[DATA EXCERPTS Boundary: Start]

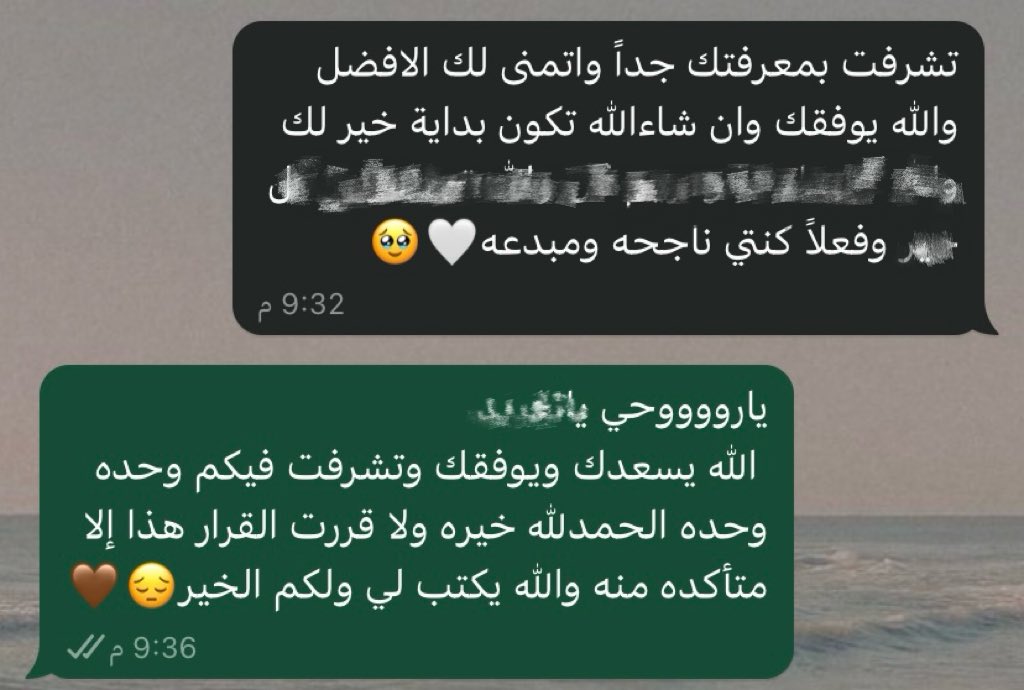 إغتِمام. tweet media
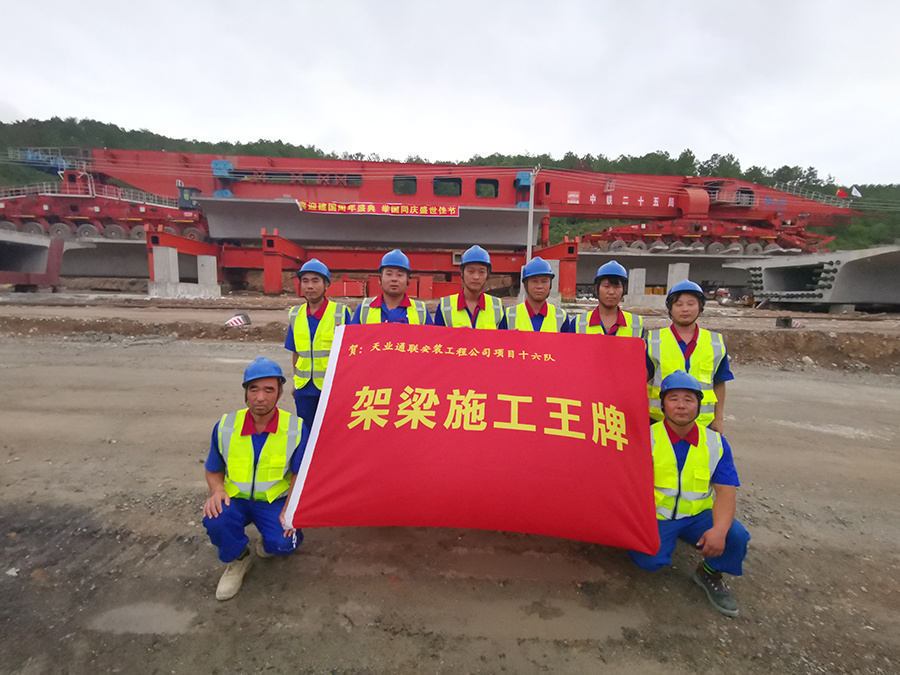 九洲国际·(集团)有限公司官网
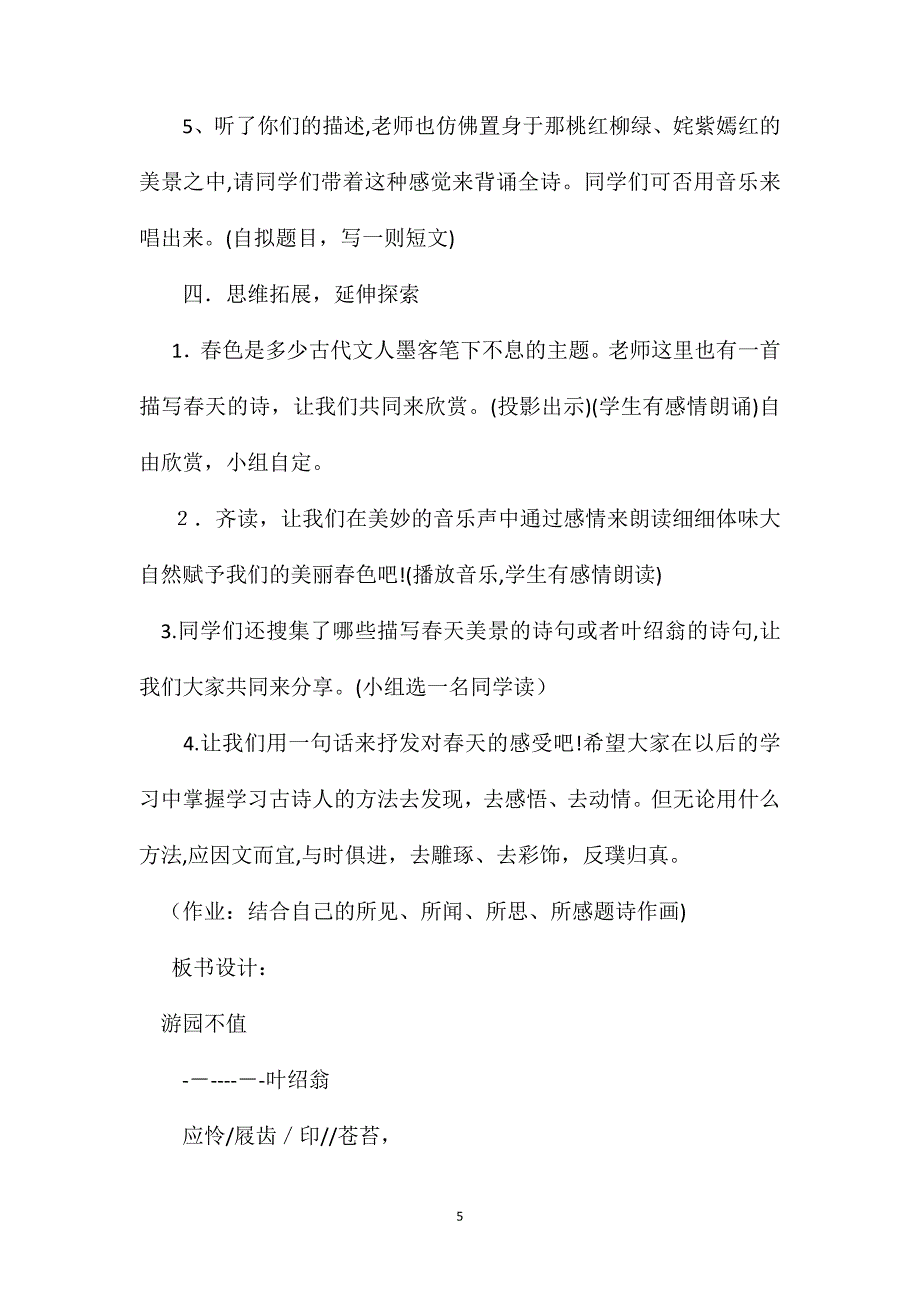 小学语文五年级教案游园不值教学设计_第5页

[DATA EXCERPTS Boundary: End]
[DATA EXCERPTS Boundary: Start]

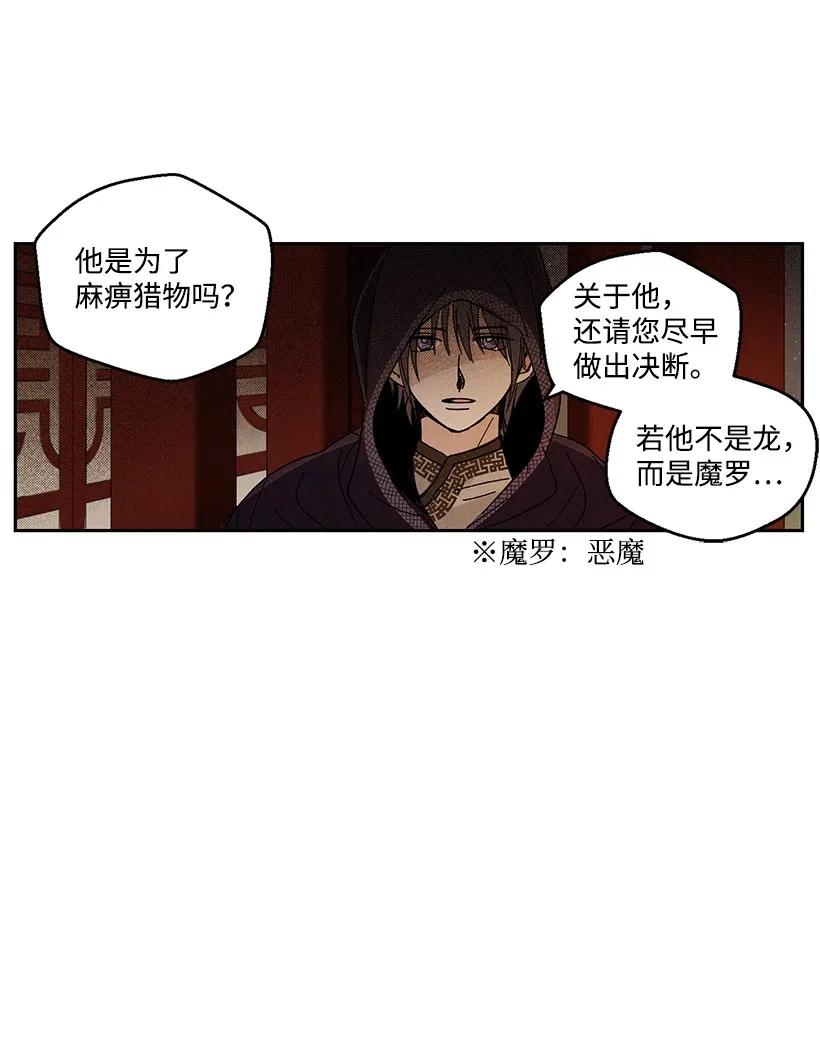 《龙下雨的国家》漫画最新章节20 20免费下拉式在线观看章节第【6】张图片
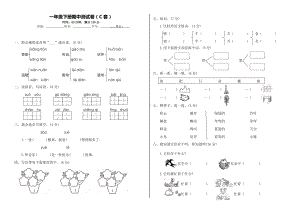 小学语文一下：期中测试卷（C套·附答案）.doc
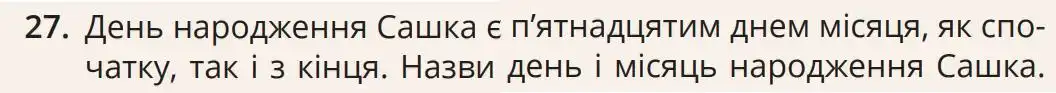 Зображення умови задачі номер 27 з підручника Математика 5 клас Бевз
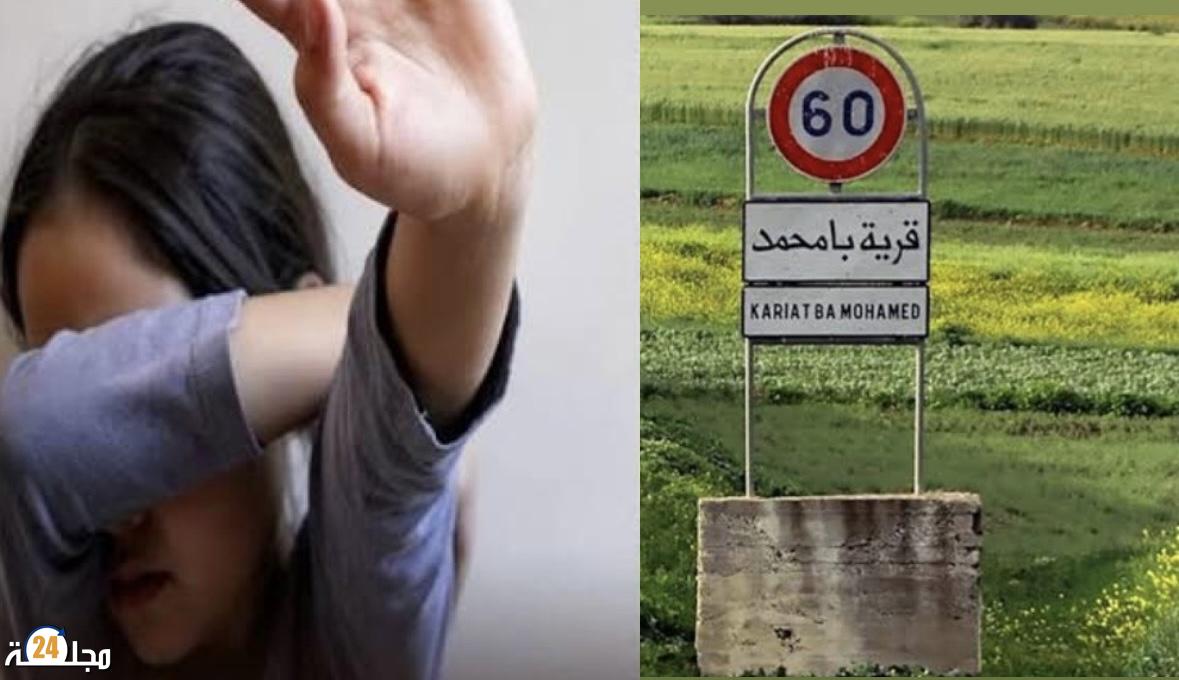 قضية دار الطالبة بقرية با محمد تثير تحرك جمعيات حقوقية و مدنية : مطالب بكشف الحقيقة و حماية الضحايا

[DATA EXCERPTS Boundary: End]
[DATA EXCERPTS Boundary: Start]

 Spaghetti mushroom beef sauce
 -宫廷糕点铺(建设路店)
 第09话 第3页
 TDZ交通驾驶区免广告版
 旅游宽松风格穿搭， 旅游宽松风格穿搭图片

[DATA EXCERPTS Boundary: End]

▶ [PROBLEM TO SOLVE] Which part of the entries opens with the line containing "إغتِمام. tweet media" and closes with the line containing "小学语文五年级教案游园不值教学设计_第5页"? Output that part exactly, ends included, pictures excluded.

▶ [EXERCISE RESULT]
 إغتِمام. tweet media
 九洲国际·(集团)有限公司官网
 小学语文五年级教案游园不值教学设计_第5页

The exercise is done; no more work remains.